Il testo prevede che le garanzie provengano «dall’Unione Europea e dai suoi Stati membri, insieme agli Stati membri interessati e alle istituzioni finanziarie dell’Ue, nel contesto del prestito di riparazione». Qualora la proposta di prestito basato sugli asset non fosse accettata, fonti diplomatiche indicano che la Commissione potrebbe presentare un «piano B», i dettagli del quale rimangono ancora ignoti. Si ipotizza che questo piano possa includere punti abbozzati nel documento d’opzione della Commissione, che contempla prestiti bilaterali da parte degli Stati membri o un prestito basato su debito comune dell’UE, eventualmente sostenuto anche dall’Ungheria, attraverso garanzie fornite dai membri o dal margine di manovra del bilancio comunitario, sia attuale che per il periodo 2028-2034.
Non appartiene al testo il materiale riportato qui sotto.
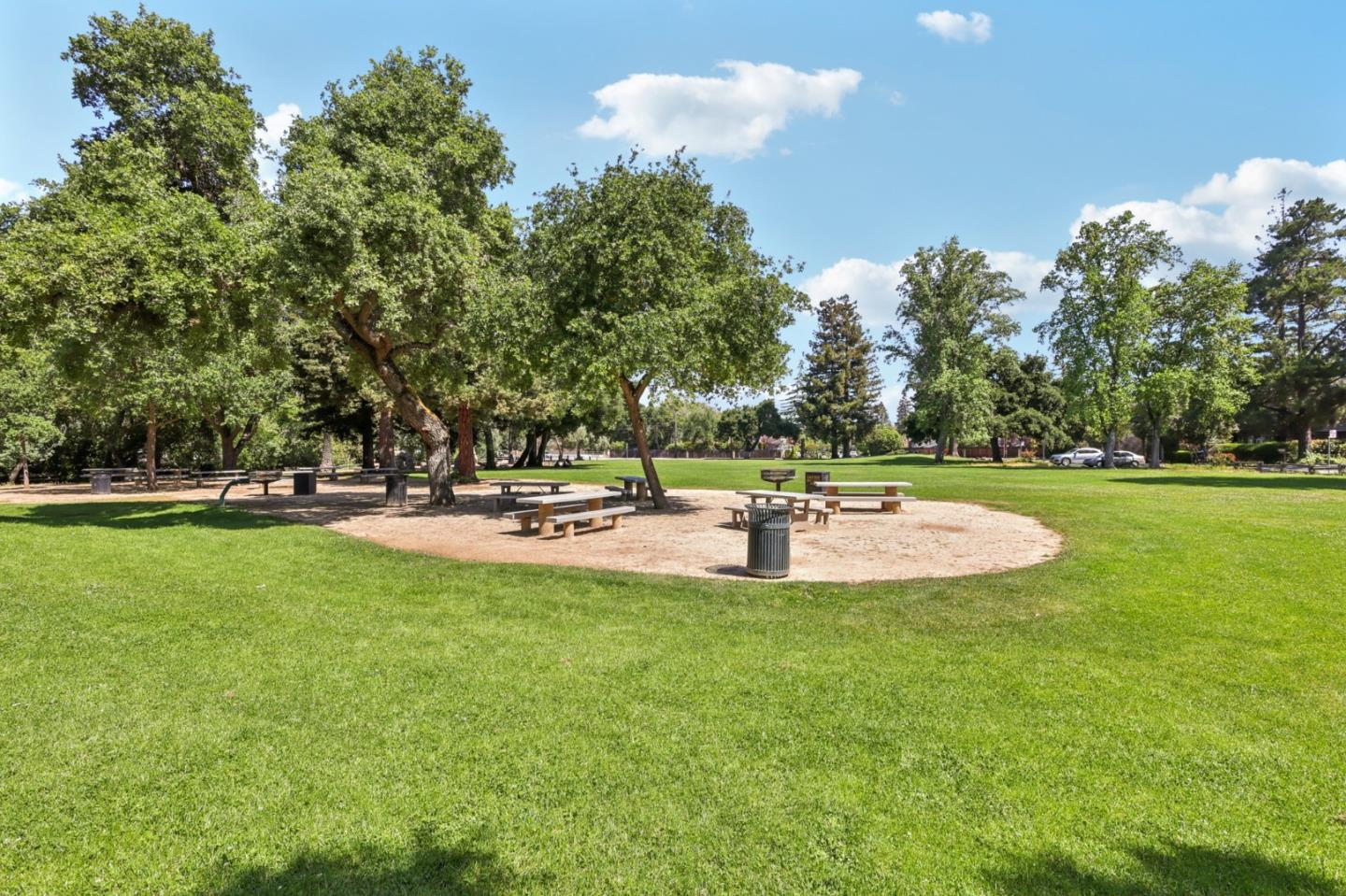 Detail Gallery Image 39 of 46 For 1130 Runnymead Dr, Los Altos,  CA 94024 - 4 Beds | 3/1 Baths
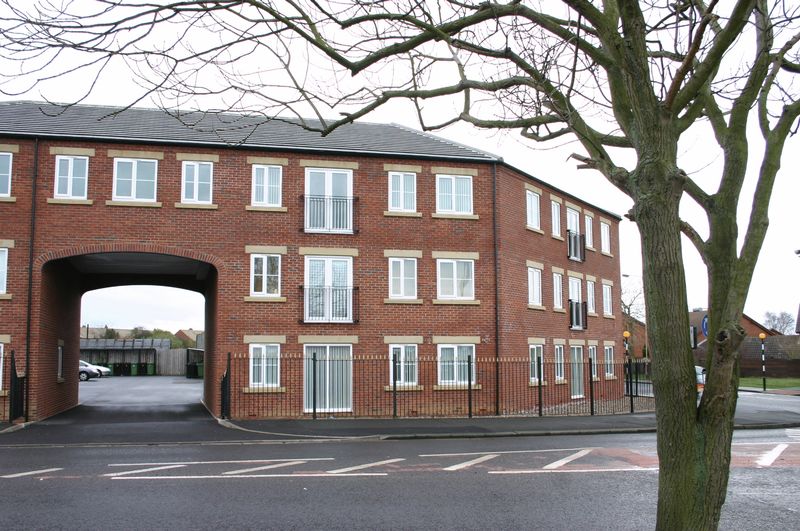 Free property report 8 Riverwalk Apartments, Half Moon Street ...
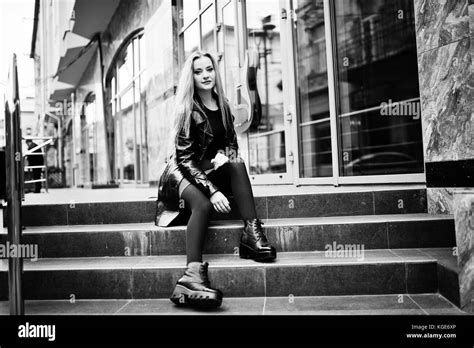 Femme Blonde Qui Marche Banque D Images Noir Et Blanc Page Alamy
In merito all’andamento della discussione, una fonte a Bruxelles ha commentato: “Non ci sono novità, si va avanti con la riunione”.

1 Comment

  1. Ma che situazione strana!! Gli asset russi congelati potrebbero essere usati per aiutare l’Ucraina, ma mi chiedo: chi paga alla fine il conto in questa storia? L’Europa continua a dibattere senza fine… Intanto noi italiani siamo qui a guardare.